Salzburg- Unter völlig unterschiedlichen, aber faszinierenden Voraussetzungen wurde in Salzburg musiziert. Im Mozarteum waren es die jungen Dachse des Attergau Institute Orchestra, deren Trupp von Wiener philharmonischen Altfüchsen durchmischt war. Es sind dies Pädagogen, die in St. Georgen Nachwuchsmusiker auf das große Orchesterspiel einjustieren - unter der Leitung von Valery Gergiev.

Man könnte sich für ein solches Kursfinale einen gesitteteren Maestro vorstellen, das käme einem weniger ohrenbetäubenden Hörerleben zugute. Andererseits scheint es für den Nachwuchs von Nutzen zu sein, einmal in Hitze die Botschaften Schostakowitschs (Kammersinfonie op. 110 a), Mendelssohns (die Schottische op. 56) und Prokofieffs (Violinkonzert Nr. 2) zu vernehmen. Als Solistin punktete die 14-jährige Sandra Cameron, ein Talent, aber auch eine zarte Pflanze, die bedächtig gepflegt werden sollte.

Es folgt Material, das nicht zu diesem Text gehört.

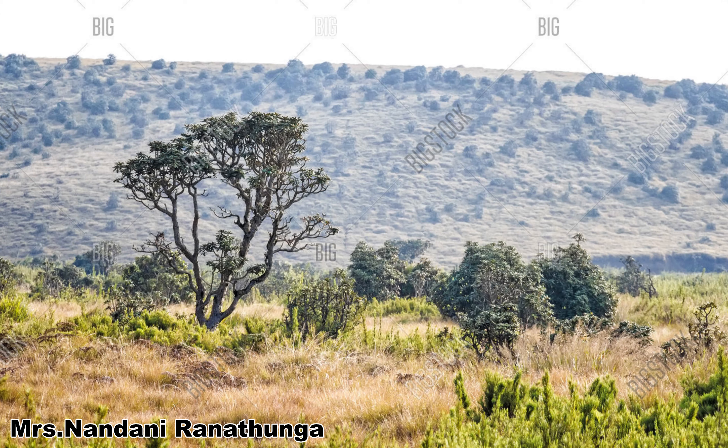Grasses do not reach more than 1 metre in height and they are called tussock grasses. Chrysopogon species and Arundinella species are common. The large mammals found here include the sambar and the wild boar, and there are many bird species found in these areas.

Nestlé-Österreich firmiert für das Attergauer Unternehmen als Initiator. Wenn nun auch die Berliner Philharmoniker eingetroffen sind, dann ziert sich auch nicht die Deutsche Bank (als "unser Partner") im Kleingedruckten des Programmes darauf hinzuweisen, in welche Richtung sie ihre schwarzen Zahlen auszuschütten beliebt.

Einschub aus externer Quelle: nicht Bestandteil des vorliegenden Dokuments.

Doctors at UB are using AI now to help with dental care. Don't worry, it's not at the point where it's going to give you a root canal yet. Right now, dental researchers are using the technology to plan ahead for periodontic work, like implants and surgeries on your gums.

Dies wird man gutheißen, wenn unter der Leitung von Claudio Abbado eine fiebrige Aufführung zustande kommt, wie jene der Siebenten von Gustav Mahler. Nicht nur, dass Abbado, gesundheitlich offenbar wieder gefestigt, als Persönlichkeit, als Mensch dem Orchester spürbar näher gekommen ist. Es ist um sein asketisches, fordernd-liebevolles Dirigieren eine Aura der Selbstlosigkeit, die von den Musikern auf rücksichtsvolle, in der gestalterischen Konsequenz völlig schonungslose Weise angenommen und akustisch-philosophisch reflektiert wird.

Mahlers kapitale Nachtmusik mit ihren schwarzbunten Kleins- und Elementarereignissen vollzog sich - keinesfalls perfekt in der detaillierten Sachbehandlung - in einer Atmosphäre von Spannung und Weitsicht, von Geben und Nehmen, wie sie in den erlebten Annalen der Festspiele von absolutem Seltenheitswert ist. Zuweilen darf man gesammelte Kräfte eines Interpretierens auch am Grad der publikativen Geschocktheit - nämlich Ergriffenheit - messen. Im Großen Haus herrschte lautstarke Andacht, endloser Jubel, und dann entschieden sich die Massen für jene Aufsprungbegeisterung, die man anglikanisch als Standing Ovations bezeichnet, wo sie doch mancherorts ein automatisierter, auch von langer Beifallshand inszenierter Reflex ist. Es war ein Mahler-Abend wie kaum ein Zweiter. Die Hörer schienen am Ende ihren Claudio zu umarmen. Eine Intimität, die sich applaudierend auch das Orchester erlaubte.